The incident channel exploded at 2:47 AM. A Terraform apply had failed halfway through a production deployment, leaving infrastructure in a partially created state. Three engineers spent the next four hours manually reconciling 47 resources, checking what existed versus what was in state, and carefully crafting targeted applies to finish the job. Total cost: $23,000 in engineer time, plus the $180,000 revenue lost during the three-hour checkout outage.
The post-mortem was brutal. “Our infrastructure is 50,000 lines of Terraform,” the VP of Engineering wrote. “Nobody fully understands it. Changes ripple through modules in ways we can’t predict. We spend more time debugging our automation than it saves.”
She’d voiced what everyone felt. The promise of infrastructure-as-code was version control and reproducibility. The reality was 45-minute plan times, incomprehensible diffs, and state surgery at 3 AM.
What if the system knew?
What if, when AWS reported insufficient capacity, the infrastructure automatically tried another AZ? What if security groups updated when new services were added? What if the system showed you a live diagram of your infrastructure that updated in real-time—and let you edit it collaboratively like Google Docs?

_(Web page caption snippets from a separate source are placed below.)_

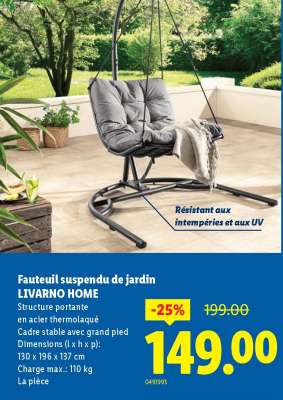Fauteuil suspendu de jardin LIVARNO HOME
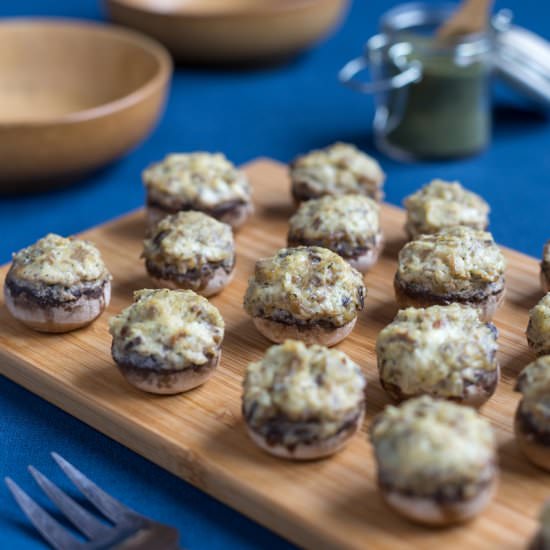 Hazelnut stuffed mushrooms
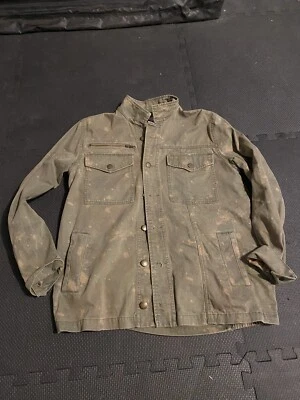 Volcom Surf Jacket Womens Medium 12 Green Button Up  Heather Military Collared - Image 1 of 4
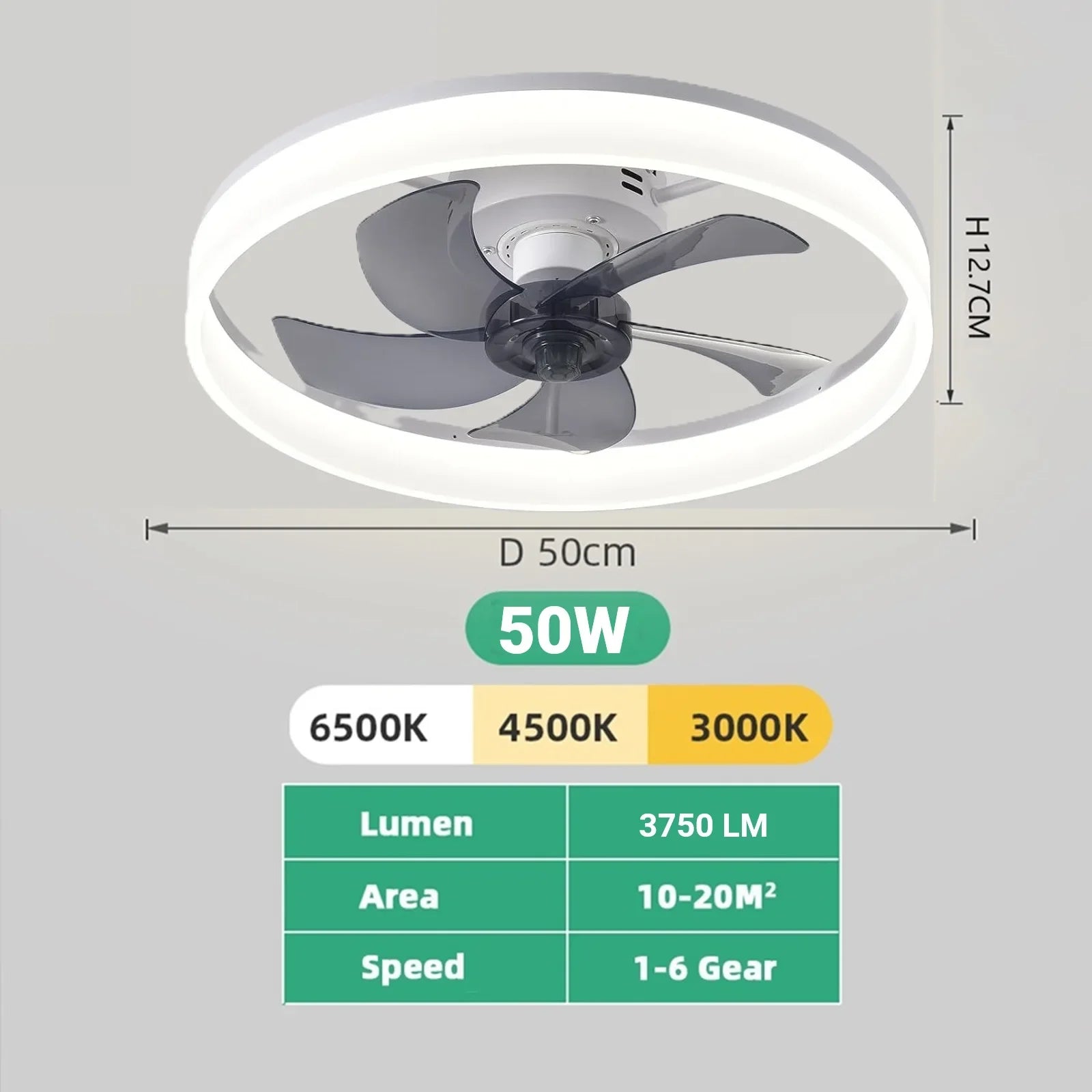Avelion - Round Ceiling Fan With LED Light And Remote Control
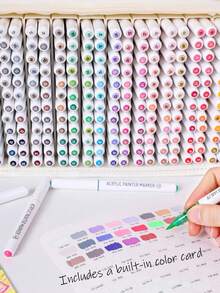 朗格288/240/192/96色直涂式丙烯颜料马克笔，带收纳袋，学生艺术专业绘画彩色软头马克笔，纸张紧密可堆叠，DIY涂鸦涂色书，可用于绘画玻璃、石头，防水人体彩绘笔，圣诞礼物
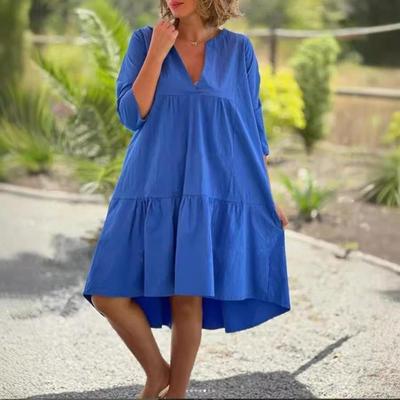 Casual Lightweight Breathable Loose Cotton Solid Ruffled Midi Dress Sleeve Short Summer V Neck Vacation Beach Women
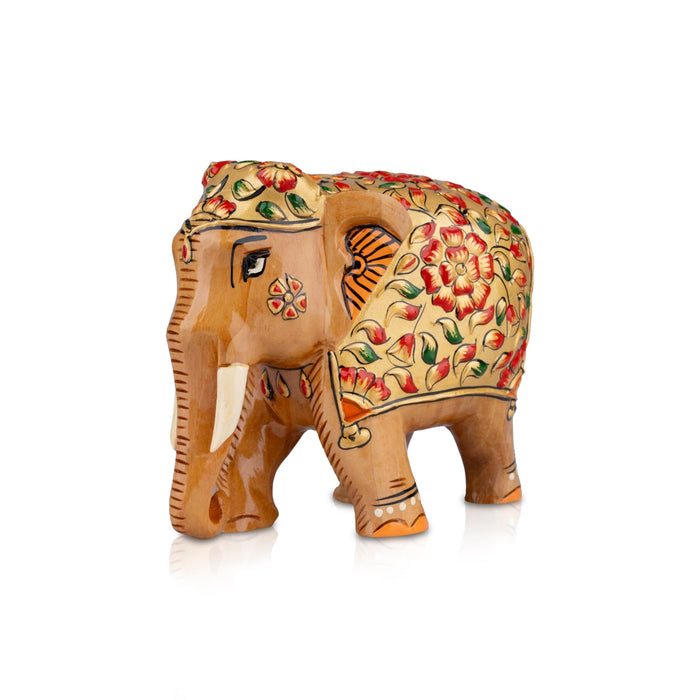 Painted Elephant Statue - 2.5 x 3.5 Inches | Wooden Statue/ Elephant Sculpture/ Elephant Idol for Home Decor - Table Stand Accessories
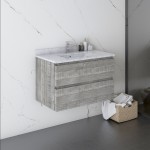 Fresca Formosa 30" Wall Hung Modern Bathroom Cabinet w/ Top & Sink in Ash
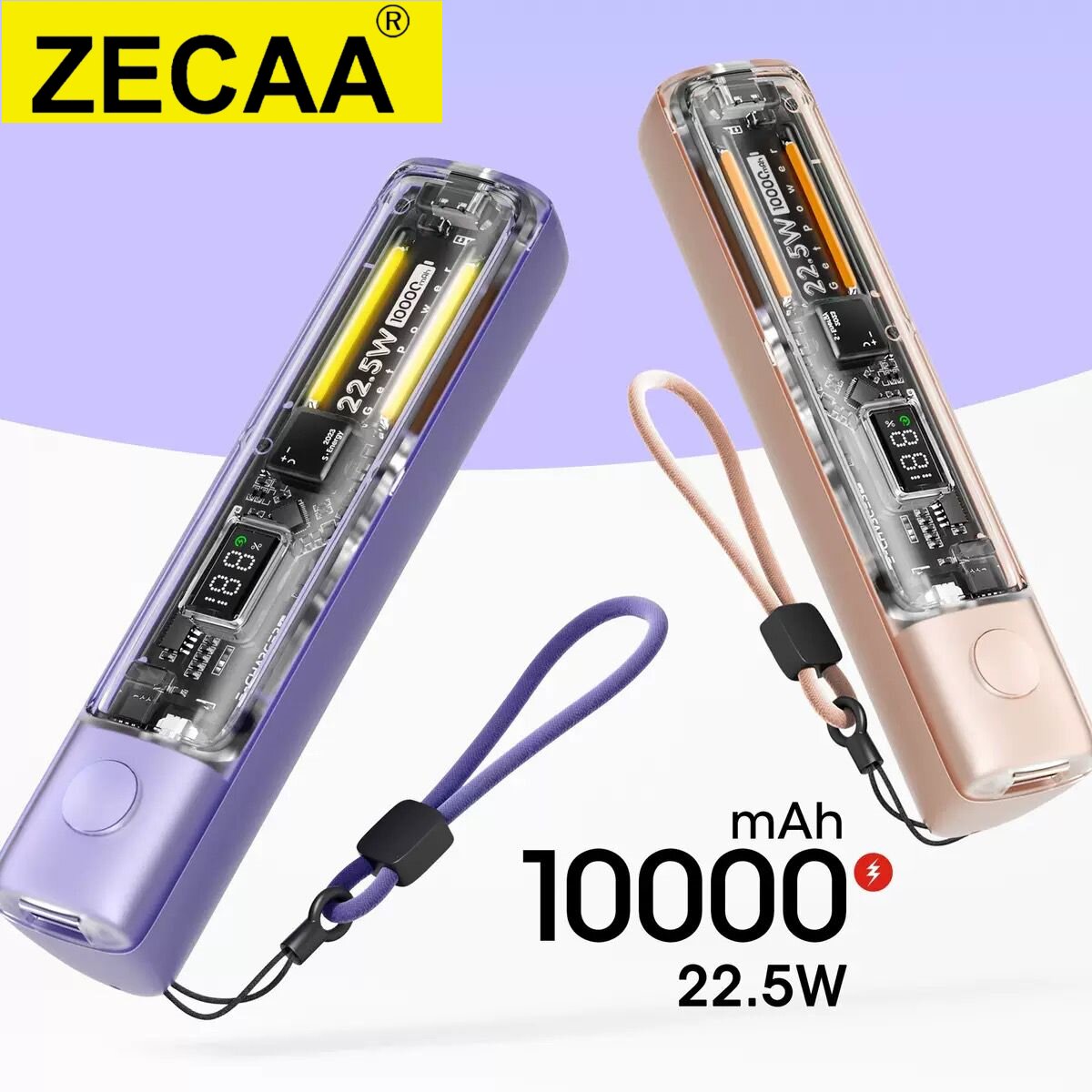 ZECAA Transaparent Fast Charging 22.5W Digital Wireless Power Bank Charger 10000mAh With Charging Cable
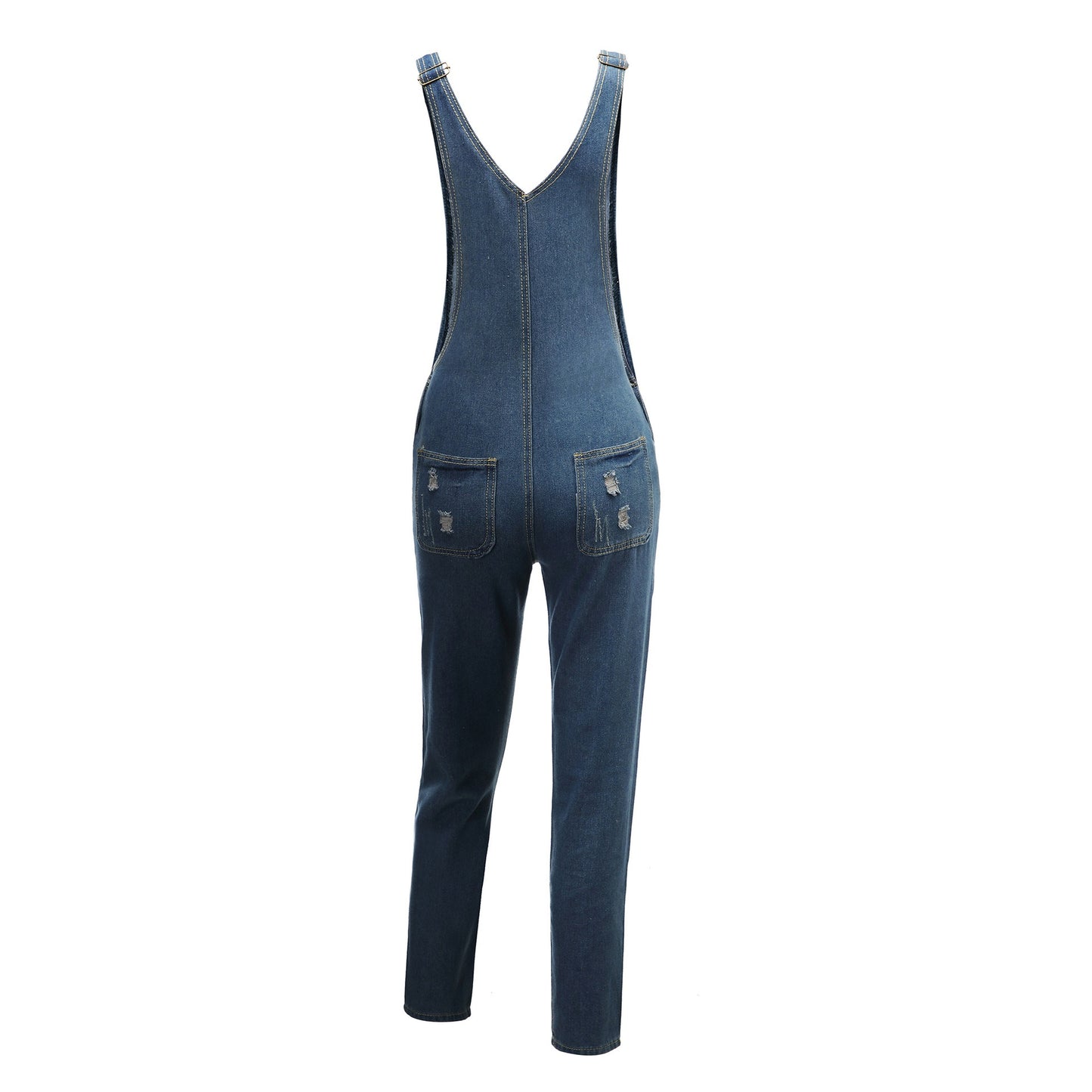 European and American ripped denim overalls for women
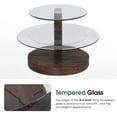 thumbnail image 4 of ivinta Round Coffee Table, Modern Center Table for Living Room,42" W×31" D×17" H (Rustic Brown+Glass), 4 of 9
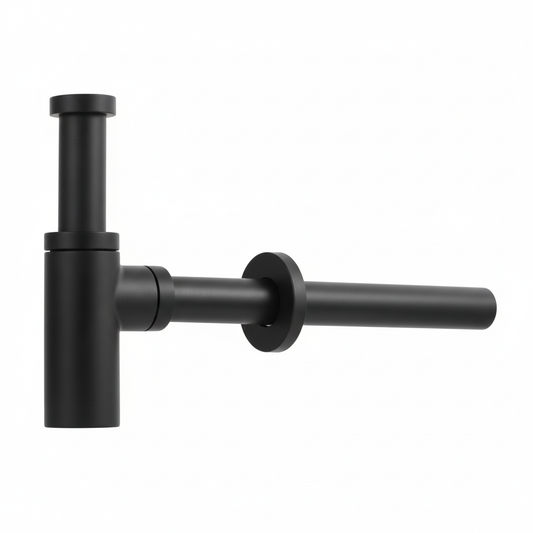 Siphon Lavabo Laiton Rond Noir 3035 Fabia - Design moderne pour salle de bain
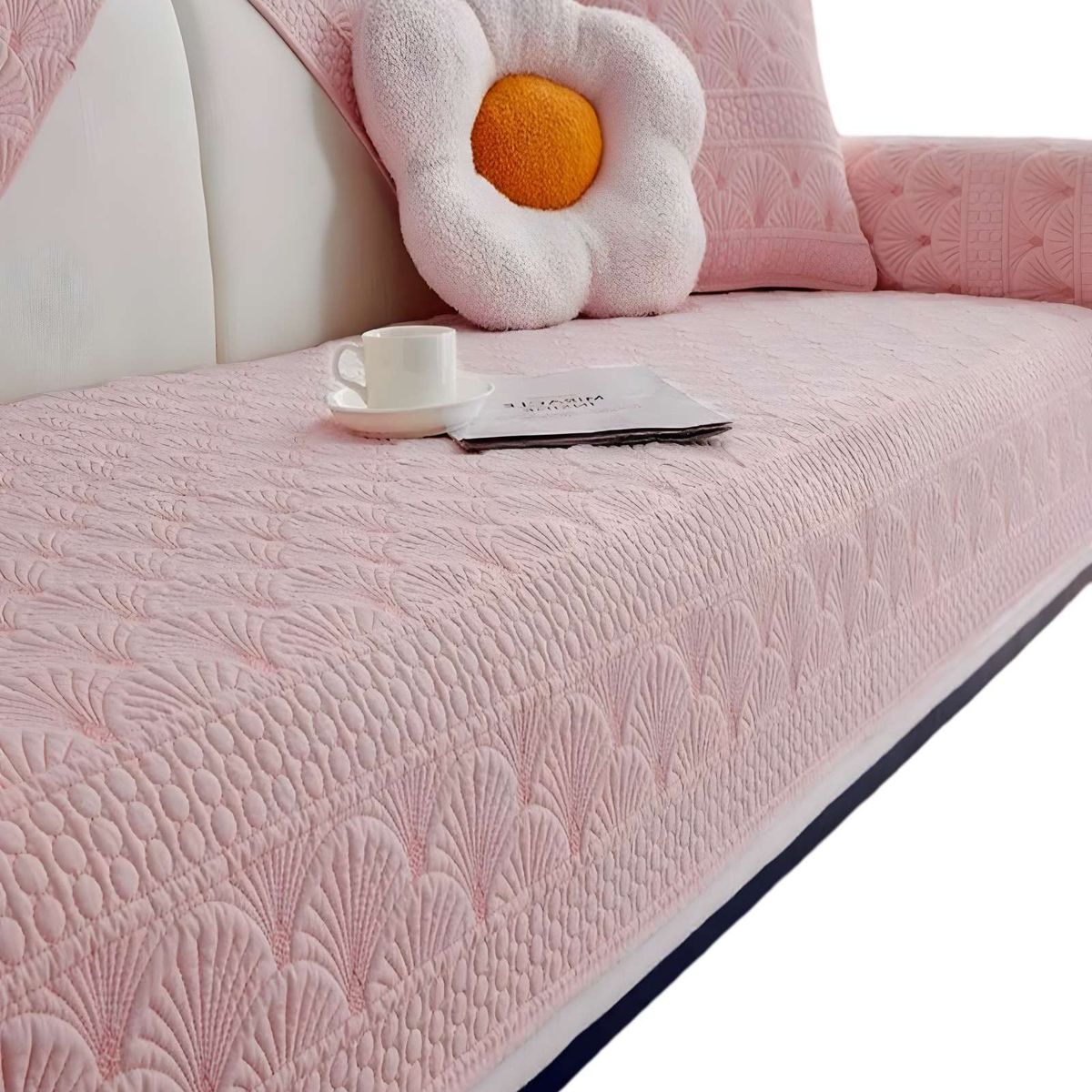 GENERICO - PACK DE 5 FUNDAS PARA SOFA CON DISEÑO F1 ROSA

System Initiative is that vision.
Built by Adam Jacob (Chef co-founder) and the team behind some of DevOps’ most influential tools, System Initiative reimagines infrastructure automation from the ground up. It’s not another Terraform wrapper—it’s a fundamentally different approach where infrastructure is reactive, collaborative, and visual.
Did You Know?
Section titled “Did You Know?”-
Adam Jacob spent 15 years watching DevOps hit walls — As Chef co-founder, he saw thousands of organizations struggle with configuration management, then IaC, then GitOps. “We kept solving symptoms while the underlying model was broken,” he said in a 2023 interview. System Initiative was his clean-slate redesign of how infrastructure automation should work.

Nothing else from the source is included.